**How to complete this task**
Leave out the pictures and restate the rest of the data exactly.
======== Dataset extract
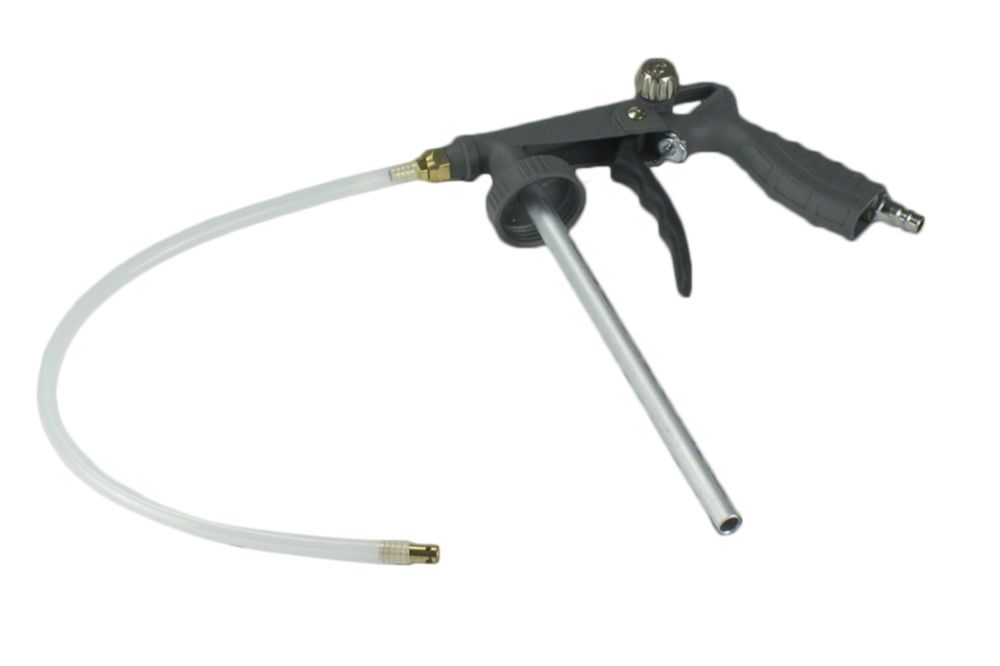 Stříkací pistole – na spodky a dutiny, závit UBS, hadička, FESTA PS6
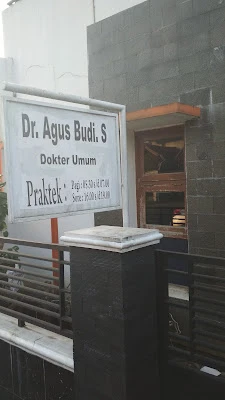 Praktek Mandiri Dokter Agus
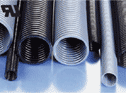 heavy corrugated tubes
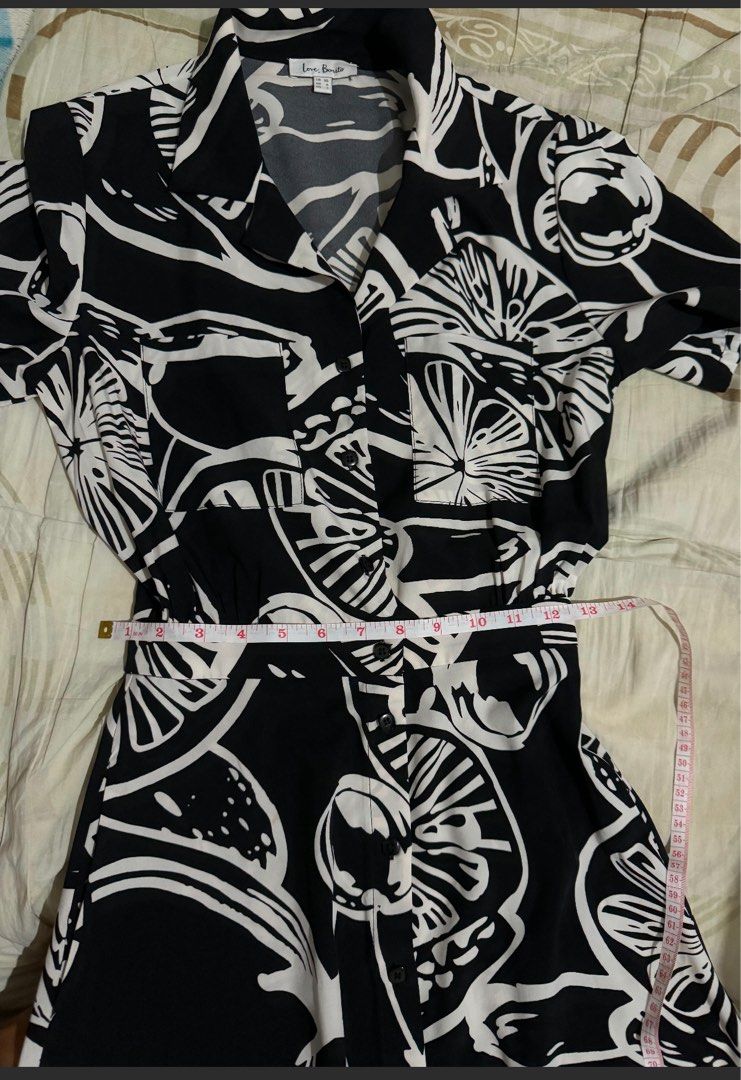Love Bonito Dress (Category: Dresses) located in Mangatarem. Submitted by jvleexx (Listing ID 1388655869, Image 3). Description: Item was worn once Rfs: gain weight and decluttering.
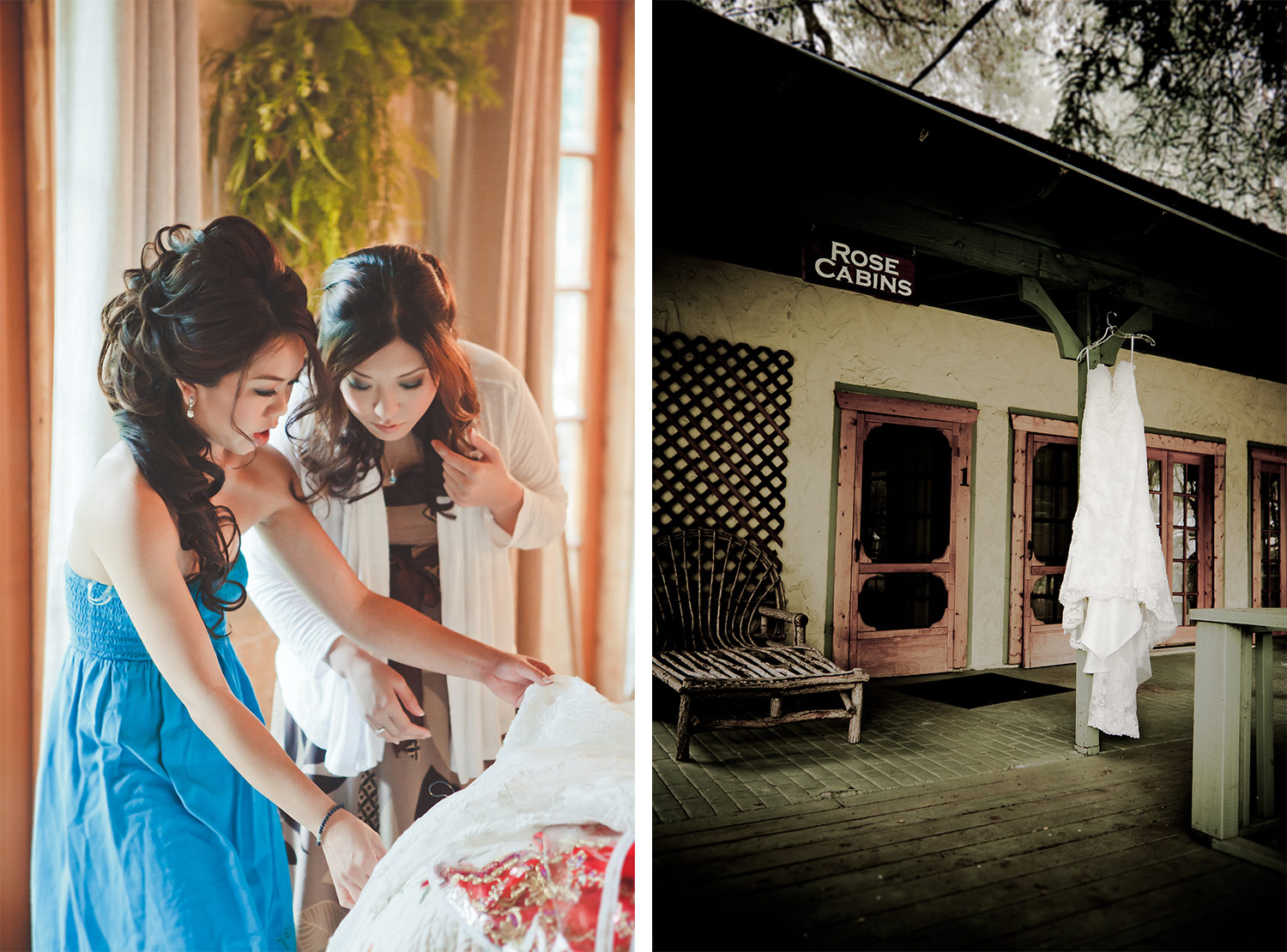 Calamigos Ranch Wedding | Stephen Grant Photography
================
**Your solution**
 Stříkací pistole – na spodky a dutiny, závit UBS, hadička, FESTA PS6
 Praktek Mandiri Dokter Agus
 heavy corrugated tubes
Love Bonito Dress (Category: Dresses) located in Mangatarem. Submitted by jvleexx (Listing ID 1388655869, Image 3). Description: Item was worn once Rfs: gain weight and decluttering.
 Calamigos Ranch Wedding | Stephen Grant Photography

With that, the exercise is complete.